Life & Letters

Correspondence

About this Item

Title: Walt Whitman to Louisa Van Velsor Whitman, 18 September 1863

Date: September 18, 1863

Whitman Archive ID: med.00318

Source: Location of original letter manuscript is unknown. The transcription presented here is derived from Walt Whitman, The Correspondence, ed. Ted Genoways (Iowa City: University of Iowa Press, October 1888), 7:20-21. For a description of the editorial rationale behind our treatment of the correspondence, see our statement of editorial policy.

Contributors to digital file: Elizabeth Lorang, Tim Jackson, and Vanessa Steinroetter



Here, now, is a specimen army hospital case: Lorenzo Strong,1 Co. A, 9th United States Cavalry (his brother Horace L. Strong,2 Rochester, N. Y.), shot by a shell last Sunday; right leg amputated on the field. Sent up here Monday night, 14th.
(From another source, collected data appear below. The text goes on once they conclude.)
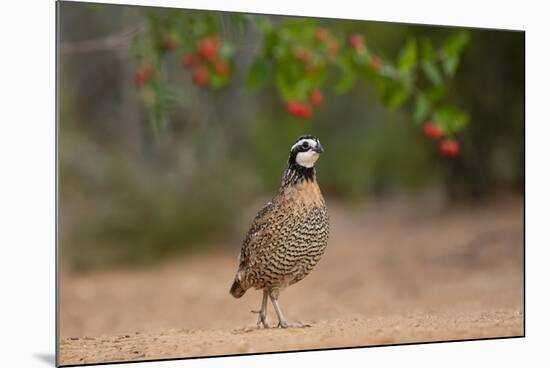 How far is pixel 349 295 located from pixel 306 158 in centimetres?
228

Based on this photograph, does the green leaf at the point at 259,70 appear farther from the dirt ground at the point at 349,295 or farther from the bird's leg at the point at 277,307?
the dirt ground at the point at 349,295

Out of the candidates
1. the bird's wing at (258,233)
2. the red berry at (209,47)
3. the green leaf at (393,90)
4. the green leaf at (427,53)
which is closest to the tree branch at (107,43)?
the red berry at (209,47)

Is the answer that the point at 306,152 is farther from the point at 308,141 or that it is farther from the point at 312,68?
the point at 312,68

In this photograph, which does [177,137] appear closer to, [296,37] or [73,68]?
[73,68]

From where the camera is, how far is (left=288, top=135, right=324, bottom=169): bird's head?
5.50 m

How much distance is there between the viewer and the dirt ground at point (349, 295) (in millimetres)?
5613

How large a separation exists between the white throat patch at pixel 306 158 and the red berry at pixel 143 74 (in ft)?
3.34

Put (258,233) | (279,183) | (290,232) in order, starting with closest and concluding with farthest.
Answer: (290,232), (258,233), (279,183)

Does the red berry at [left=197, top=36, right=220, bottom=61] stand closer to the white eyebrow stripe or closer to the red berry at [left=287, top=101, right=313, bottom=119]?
the red berry at [left=287, top=101, right=313, bottom=119]

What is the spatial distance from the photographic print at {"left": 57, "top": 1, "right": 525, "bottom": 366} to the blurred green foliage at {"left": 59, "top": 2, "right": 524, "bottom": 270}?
0.06 feet

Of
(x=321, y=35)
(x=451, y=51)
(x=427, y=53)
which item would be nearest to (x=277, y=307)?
(x=321, y=35)

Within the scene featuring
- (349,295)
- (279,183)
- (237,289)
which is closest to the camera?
(237,289)

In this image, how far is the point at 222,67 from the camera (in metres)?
5.99

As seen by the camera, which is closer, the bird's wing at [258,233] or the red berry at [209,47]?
the bird's wing at [258,233] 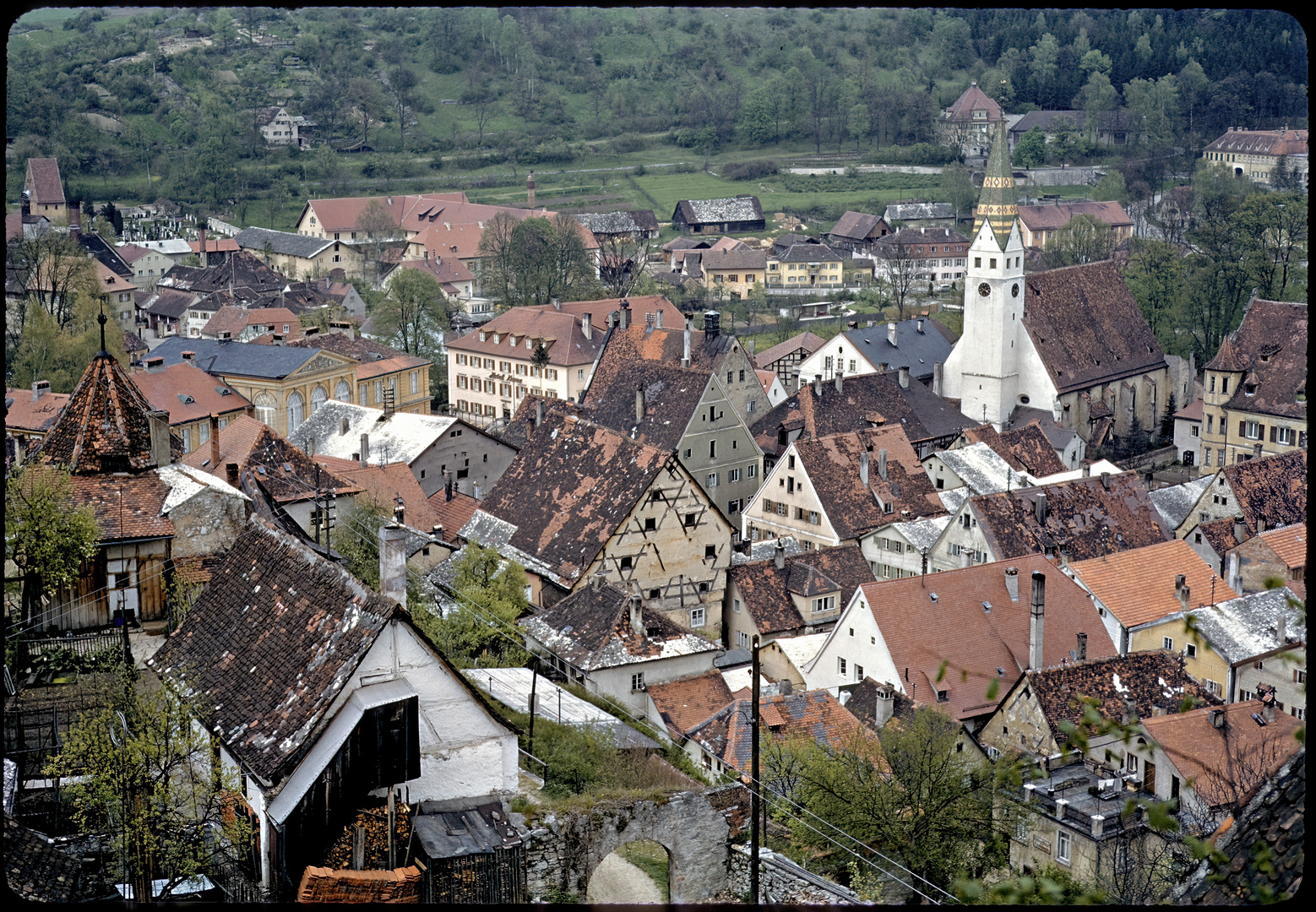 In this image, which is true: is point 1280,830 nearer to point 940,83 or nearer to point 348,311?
point 348,311

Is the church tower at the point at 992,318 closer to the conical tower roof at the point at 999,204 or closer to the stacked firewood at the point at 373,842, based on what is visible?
the conical tower roof at the point at 999,204

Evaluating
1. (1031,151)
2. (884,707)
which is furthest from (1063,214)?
(884,707)

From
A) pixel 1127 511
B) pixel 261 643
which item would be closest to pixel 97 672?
pixel 261 643

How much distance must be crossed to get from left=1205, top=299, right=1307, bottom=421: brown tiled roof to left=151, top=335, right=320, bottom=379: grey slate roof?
3661cm

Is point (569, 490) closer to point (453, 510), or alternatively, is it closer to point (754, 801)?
point (453, 510)

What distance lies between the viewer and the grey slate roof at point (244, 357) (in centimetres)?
5684

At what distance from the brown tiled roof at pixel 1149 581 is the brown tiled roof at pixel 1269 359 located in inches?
827

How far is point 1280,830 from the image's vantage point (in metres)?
6.05

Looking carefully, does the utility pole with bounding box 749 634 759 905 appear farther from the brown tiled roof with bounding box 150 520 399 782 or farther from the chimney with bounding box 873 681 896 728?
the chimney with bounding box 873 681 896 728

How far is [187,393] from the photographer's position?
5262 cm

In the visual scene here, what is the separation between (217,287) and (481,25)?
88.4m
Seem'd to be doing pretty well till Wednesday noon, 16th, when he took a turn for the worse, and a strangely rapid and fatal termination ensued. Though I had much to do, I staid and saw all. It was a death-picture characteristic of these soldiers' hospitals: the perfect specimen of physique,—one of the most magnificent I ever saw—the convulsive spasms and working of muscles, mouth, and throat. There are two good women nurses, one on each side. The doctor comes in and give him a little chloroform. One of the nurses constantly fans him, for it is fearfully hot. He asks to be rais'd up, and they put him in a half-sitting posture. He call'd for "Mark"3 repeatedly, half-deliriously, all day. Life ebbs, runs now with the speed of a mill race; his splendid neck, as it lays all open, works still, slightly; his eyes turn back. A religious person coming in offers a prayer, in subdued tones; around the foot of the bed, and in the space of the aisle, a crowd, including two or three doctors, several students, and many soldiers, has silently gather'd. It is very still and warm, as the struggle goes on, and dwindles, a little more, and a little more—and then welcome oblivion, painlessness, death. A pause, the crowd drops away, a white bandage is bound around and under the jaw, the propping pillows are removed, the limpsy head falls down, the arms are softly placed by the side, all composed, all still,—and the broad white sheet is thrown over everything.4


Notes:

1. According to service records, Lorenzo Strong was twenty years old when he enlisted as a Sergeant 1st Class on September 20, 1861. He was mustered into Company A of the 9th New York Cavalry Regiment on October 5, 1861, was wounded at Culpeper, Virginia, on September 13, 1863, and died of wounds in Washington, D.C., on September 16, 1863. [back]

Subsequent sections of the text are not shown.